In a new precedent, the health department has withheld renewal of medical licences of small hospitals which were unable to show employment of nurses registered with the Maharashtra nursing council, amongst other issues.
The Indian medical association (IMA) has, however, maintained that this was an unreasonable demand as it is not mandatory as per the provisions in the Bombay Nursing Home Registration Act, 1949. The national accreditation board for hospitals and healthcare providers (NABH) defines small and medium hospitals as those with less than 50 beds.
With the matter being unresolved, senior surgeon, Dr Nitin Bhagali, has sought the intervention of the PMO and CMO in this matter while citing a protocol followed by the Royal College of Surgeons, London.
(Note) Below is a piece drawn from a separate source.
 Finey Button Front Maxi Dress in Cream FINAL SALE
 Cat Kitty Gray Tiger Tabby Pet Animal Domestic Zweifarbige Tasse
He has suggested that small hospitals be recognised as ‘day care surgical centres’.
IMA Pune’s hospital board has also proposed that small hospitals be designated as “ambulatory surgical centres.”
Almost 80 per cent of the small hospitals in Pune are awaiting licence renewal by the PMC health authorities. Most of these hospitals carry out day surgeries, such as eye surgeries, dental surgeries, stone removal, vasectomy, endoscopic, arthroscopic, UTI and medical termination of pregnancy (MTP), among others, which require admission of less than a day and do not have an elaborate setup and staff.
Dr Bhagali said that the ‘day care surgery centre’ concept has been recognised internationally and is needed in India in view of the bureaucratic red tape as is being witnessed in Pune.
In his letter, dated August 1 to the PMO and CMO, he has pointed out that the PMC’s insistence on employment of registered nurses by small hospitals and other new criteria was proving troublesome as day surgeries require less than 23 hours of admission.
“We have observed that there is 35 per cent rise in elective or planned surgeries. We have sought guidance and help from the higher authorities looking at the trend and rise in such surgeries. Recognition of such centres will only help to ease the act or the procedure upon them; as they do not need such regulations which are forced by the body,” Dr Bhagali has said in his letter.
Dr Sanjay Patil, chairman of the hospital board, Indian Medical Association, Pune, said that the IMA is drafting a proposal to the health authorities that hospitals which carry out ‘no admission surgeries’ should be called as ‘ambulatory surgical centres.’
IMA will also propose that this concept be introduced in the medical curriculum and in the medical ecosystem as a whole.